▶ **Problem requirements**
Images are to be omitted, and the rest of the records reproduced exactly.

▶ **Data extract**
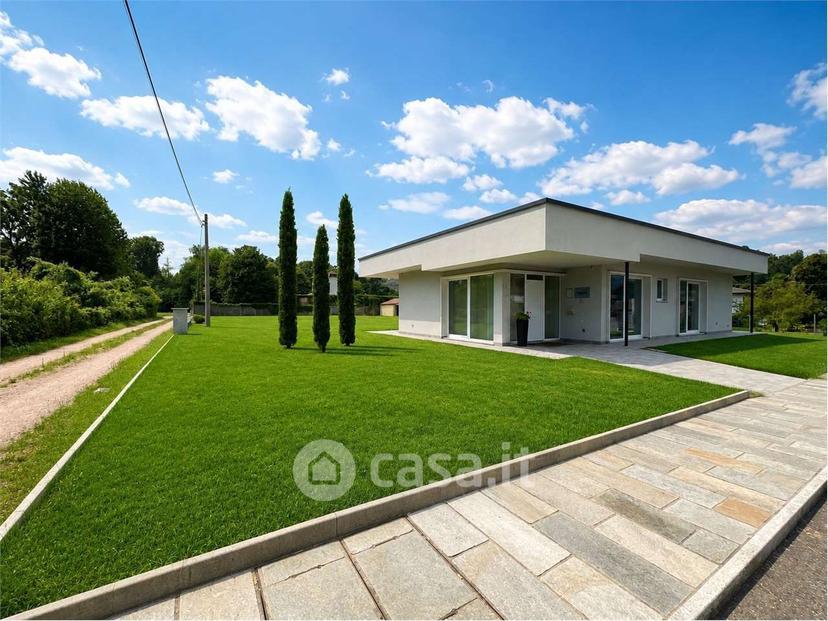 Villa in Via Giacomo Leopardi 77 — foto 18 di 36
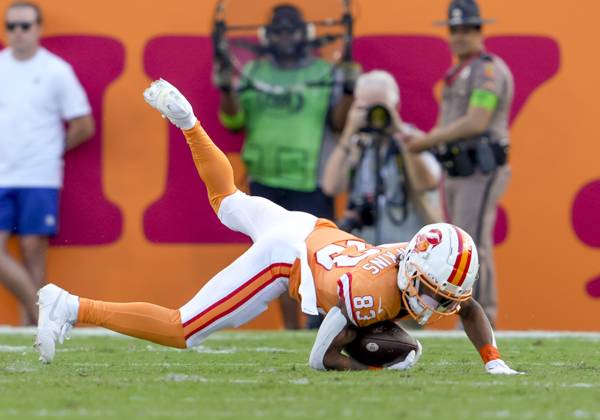 TAMPA, FL - OCTOBER 15: Tampa Bay Buccaneers wide receiver Deven Thompkins (83) gets tripped up during the NFL, American Football Herren, USA Football match between the Tampa Bay Bucs and Detroit Lions on October 15th 2023 at Raymond James Stadium, Tampa FL. (Photo by Andrew Bershaw Icon Sportswire) NFL: OCT 15 Lions at Buccaneers EDITORIAL USE ONLY Icon23101500115
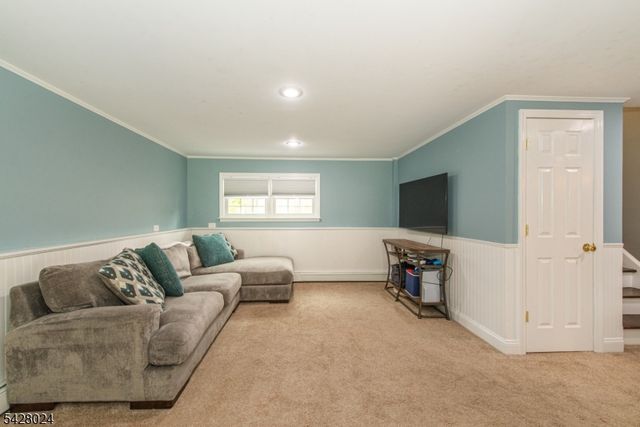 15 Windsor Dr, Jefferson Twp., NJ 07438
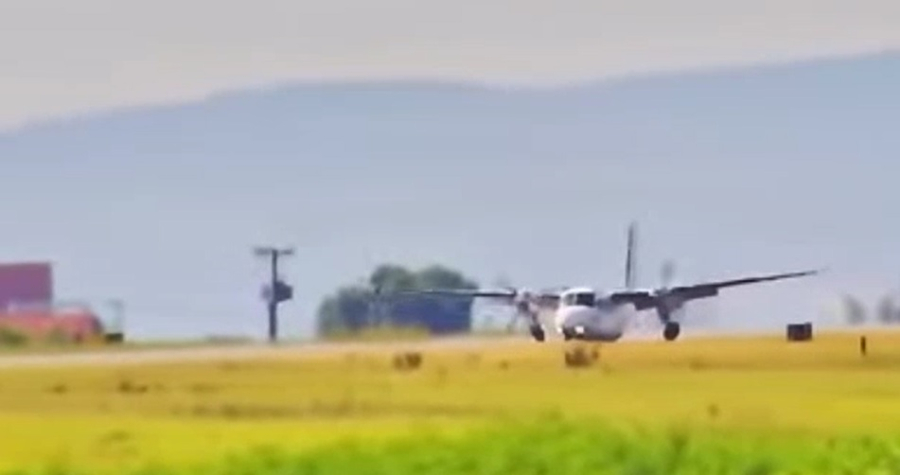 Avião faz pouso de barriga no aeroporto de Sorocaba; assista o vídeo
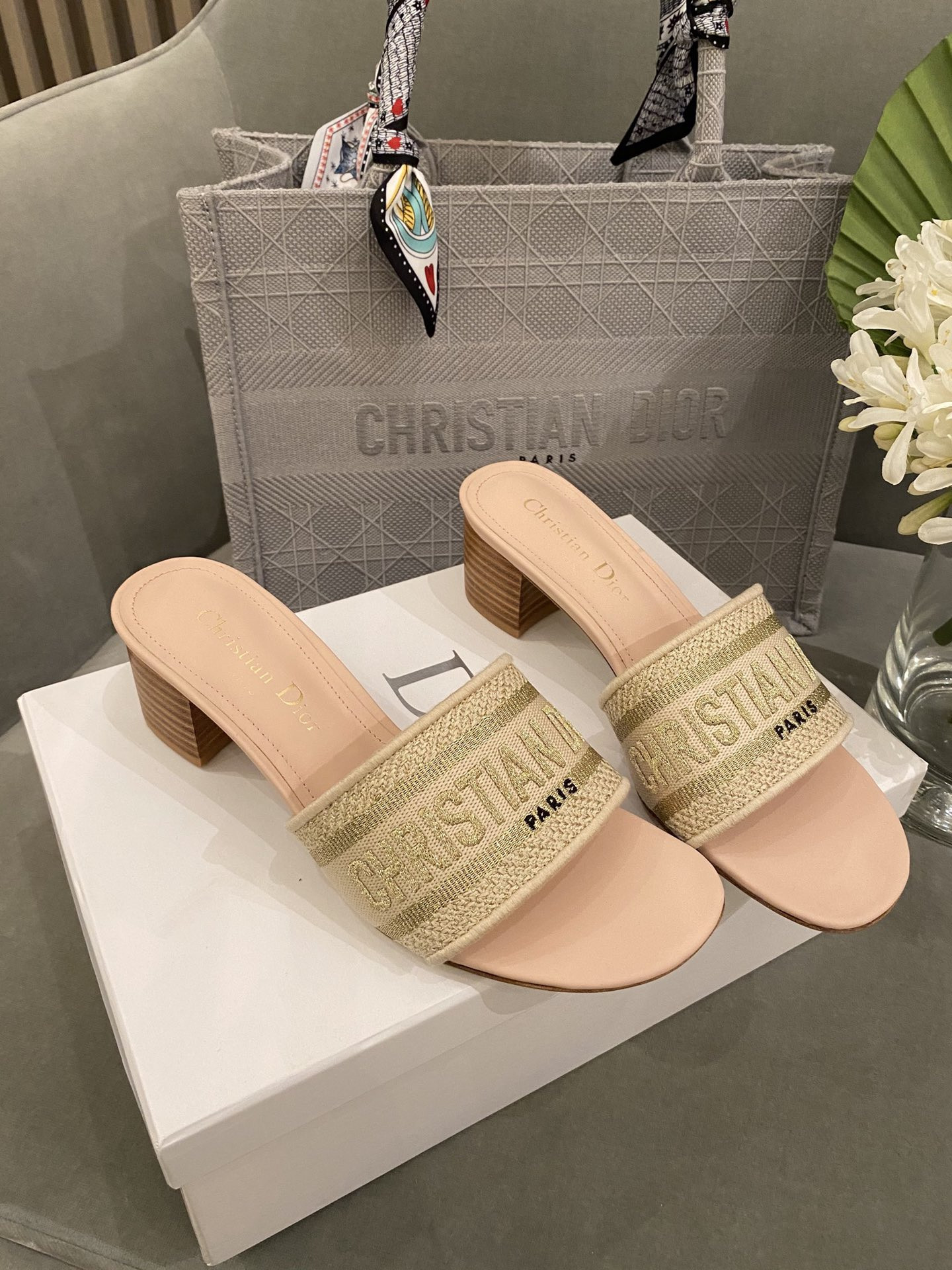 D*or slippers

▶ **Solution to the problem**
 Villa in Via Giacomo Leopardi 77 — foto 18 di 36
 TAMPA, FL - OCTOBER 15: Tampa Bay Buccaneers wide receiver Deven Thompkins (83) gets tripped up during the NFL, American Football Herren, USA Football match between the Tampa Bay Bucs and Detroit Lions on October 15th 2023 at Raymond James Stadium, Tampa FL. (Photo by Andrew Bershaw Icon Sportswire) NFL: OCT 15 Lions at Buccaneers EDITORIAL USE ONLY Icon23101500115
 15 Windsor Dr, Jefferson Twp., NJ 07438
 Avião faz pouso de barriga no aeroporto de Sorocaba; assista o vídeo
 D*or slippers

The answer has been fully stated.